I get the following error:
------
"ComeauTest.c", line 14: error: no instance of function template "func"
matches the
argument list
The argument types that you used are: (double, double)
func(1.2,1.3);

------


If I change the line to "func<double,double>(1.2,1.3);", I still get the
same error.



If I replace func's definition with:
-----------------
template<typename T>
const typename A<T>::template B<double,addw<T,double> > func(T x, double y)
{
return typename A<T>::template B<double,addw<T,double> >();
}
-----------------
I still get the error.


On the other hand, the following replacement works:
-----------------
template<typename T2>
const typename A<double>::template B<T2,addw<double,T2> > func(double x, T2
y) {
return typename A<double>::template B<T2,addw<double,T2> >();
}

 

[James Kanze]

James Kanze wrote:
I was asking why the new code, that defines the function
outside of the class does not work, even when the friend
declaration is omited.

In other words, why does Comeau not like the following:

template<typename T> struct A {
template<typename T2,T (* const operation)(T,T2)> struct B {};
};

template<typename T,typename T2>
const typename A<T>::template B<T2,addw<T,T2> > func(T x, T2 y) {
return typename A<T>::template B<T2,addw<T,T2> >();
}

int main() {
A<double> a,b;
func(1.2,1.3);
return 0;
}
----------------------------------

I get the following error:
------
"ComeauTest.c", line 14: error: no instance of function template "func"
matches the
argument list
The argument types that you used are: (double, double)
func(1.2,1.3);
------

This looks to me like a bug in Comeau.

If I change the line to "func<double,double>(1.2,1.3);", I
still get the same error.

Because it doesn't change anything?

Note that even in this case, template argument deduction occurs,
and can fail.

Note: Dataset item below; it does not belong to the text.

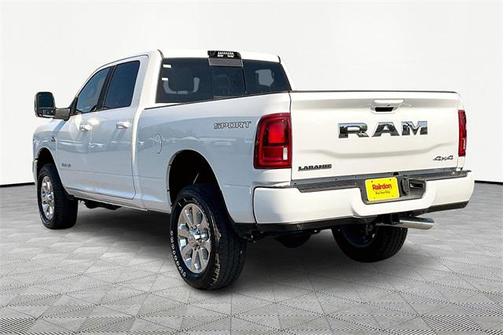 2025 RAM 2500 Laramie Crew Cab 4x4 6'4' Box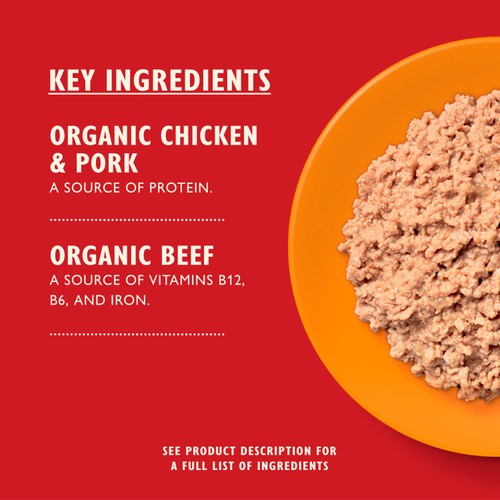 Lily's Kitchen Organic Chicken Dinner for Cats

But none of the reasons given for failure seem to
apply here: there can't be any ambiguity with regards to the
type (which in fact was also true in the previous version), and
none of the cases in the list in §14.8.2/2 (Those following the
statement "Type deduction may fail for the following reasons:")
seem to apply.

If I replace func's definition with:
-----------------
template<typename T>
const typename A<T>::template B<double,addw<T,double> > func(T x, double y)
{
return typename A<T>::template B<double,addw<T,double> >();}

On the other hand, the following replacement works:
-----------------
template<typename T2>
const typename A<double>::template B<T2,addw<double,T2> > func(double x, T2
y) {
return typename A<double>::template B<T2,addw<double,T2> >();}
-----------------

And of course, a non-template func works just fine.

What is going on here?

I'd report a compiler bug to Comeau. With the three
cases---there's probably a good hint in them as to where the bug
is (for someone who knows the compilers internals, of course).
(Note, for example, that in the last case, the template A is
resolved when the function template func is defined; in the
other two cases, only when it is instantiated. I would guess
that these are handled in different places in the compiler.)